В «Комсомольской правде» сетовали на то, что молодежь плохо знает
английский: иначе как бы те, кто втридорога покупает у фарцовщиков
тряпки, могли бы носить майки с надписью «US Army» — ведь эти ублюдки
замочили кучу невинных детей в Соуэто. Озабоченные гопники, ссылаясь
на тот же орган, невежливо втолковывали зарвавшимся подросткам, что
английская булавка, прицепленная к штанам, — стилистический признак
культуры «панк», фашистской по своей сути.
Тем не менее некоторой части подростков непременно требовалось
вспузыриться из упомянутой массы, и пусть зачастую ими двигал
не столько протестный, сколько пубертатный порыв (выделившегося тут
же замечают не только гопники и менты, но и девчонки), это стремление
было оправдано тем, что среда не терпит абсолютной серости, по крайней
мере композиционно.
Дети проходных дворов и продуваемых окраин, хотевшие перемен,
выбирались из выцветшей массы наборного текста предписанной нормы вовсе
не на отшиб жизни — когда вирус перестройки просыпал строчки истории
СССР, они на короткое время оказались сверху.
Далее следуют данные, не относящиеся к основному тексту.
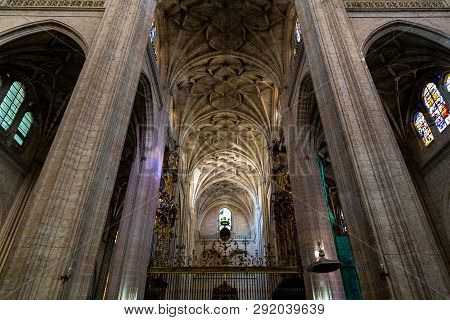 Sept 2018 - Segovia, Castilla Y Leon, Spain - Segovia Cathedral Interiors. It Was The Last Gothic St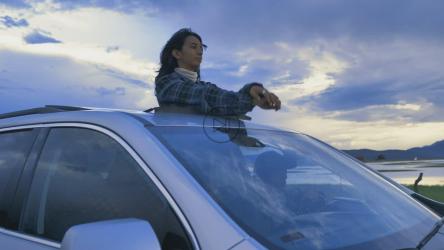 一名戴着天窗的妇女在大自然中进行公路旅行[4K免费商用]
Активная жизненная
позиция, присущая им, некоторых потом свела в героиновую могилу;
у других же жизнь удалась.
Весной прошлого года в Манеже в рамках Московской фотобиеннале с успехом прошла выставка «Хулиганы-80».
Там были представлены связанные с этой эпохой и ее героями работы
известных мастеров и фотографии из личных архивов тех самых героев.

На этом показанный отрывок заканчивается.